Les deux récits se ressemblent autour qu'ils sont différents. Sur le plan visuel, c'est les planches grandioses de Lee Weeks qui ouvrent la danse. Sombre, ténébreux dans le trait, avec un réalisme qui n'oublie pas le côté figuratif du comics. Un style parfait qui marque toute l'influence d'auteurs comme Miller tout en ayant une âme propre. On est dans ce que le comics peut offrir de mieux dans son genre : être proche de la réalité sans jamais perdre son âme imaginaire. Javier Pulido choisit quelque chose de totalement différent pour Year One avec un style beaucoup plus comicsesque si l'on peut dire. Marquant un lien avec l'époque bénie du Silver Age et Darwin Cook, Javier Pulido a pour autant des influences communes avec Weeks pour le côté iconographique. On est dans une suite qui même en étant différente assume l'influence comics, l'influence jeunes années.

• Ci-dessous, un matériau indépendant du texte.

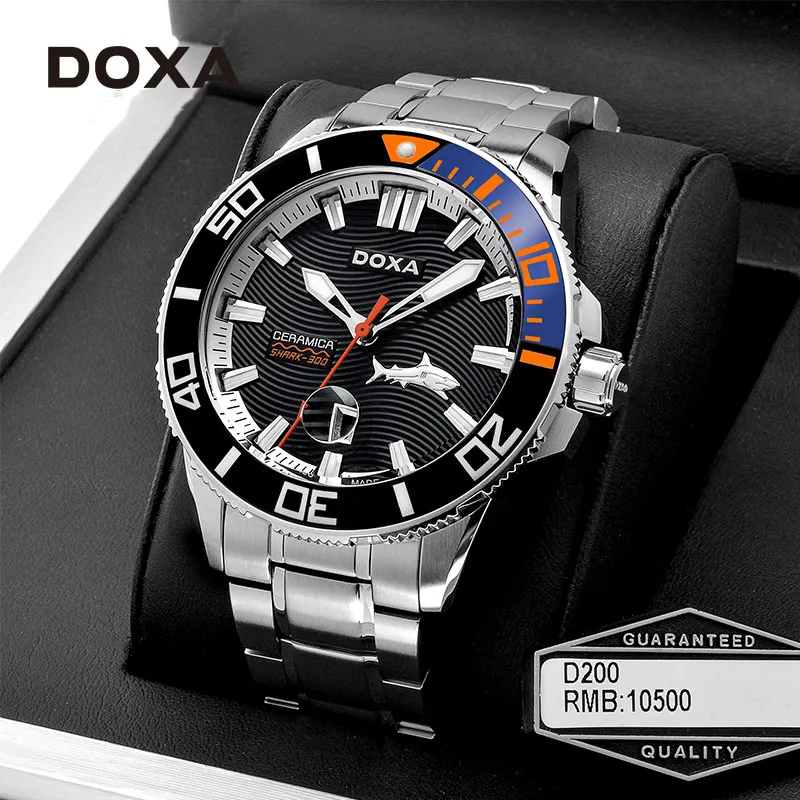 Часы DOXA Soport мужские с большим циферблатом акулы водонепроницаемые изысканные
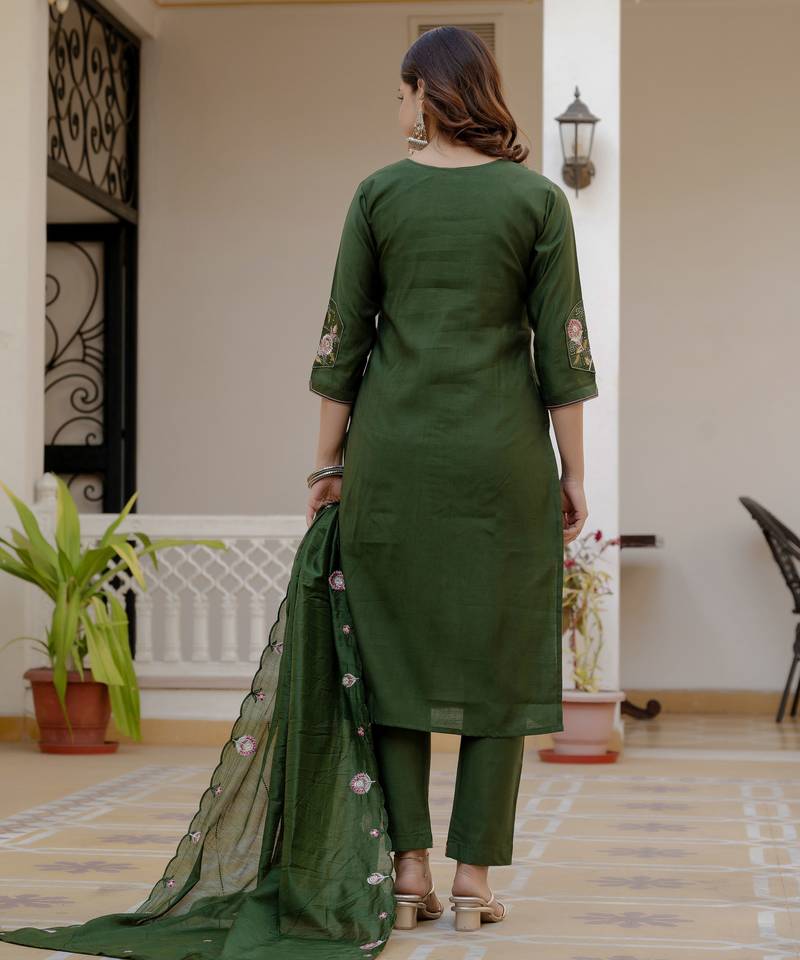 Green color viscose silk fabric embroidered work kurta set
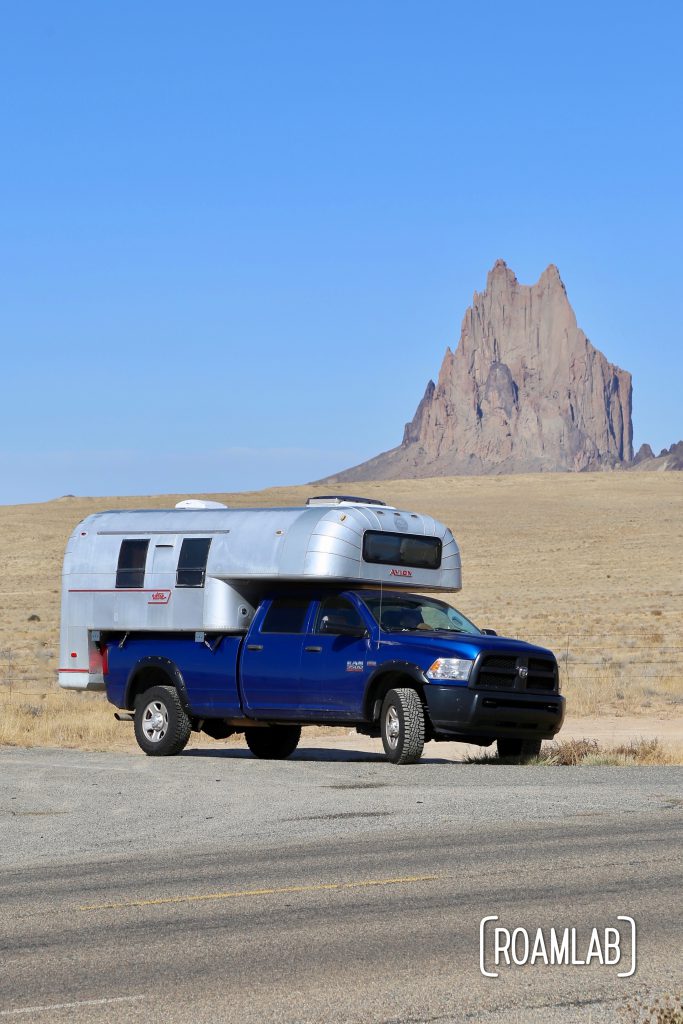 The Navajo people of Shiprock, New Mexico do not permit general access to this iconic site so we take a respectful shot from the highway.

En effet ce sont les jeunes années de Dick Grayson sous le costume de Robin que l'on voit là. C'est un moment fort que l'on ne peut se permettre de survoler et on retrouve à la fois un ton crédible, digne de l'époque contemporaine et une volonté de retrouver cet imaginaire bariolé, mouvementé et lumineux des années 50 et 60.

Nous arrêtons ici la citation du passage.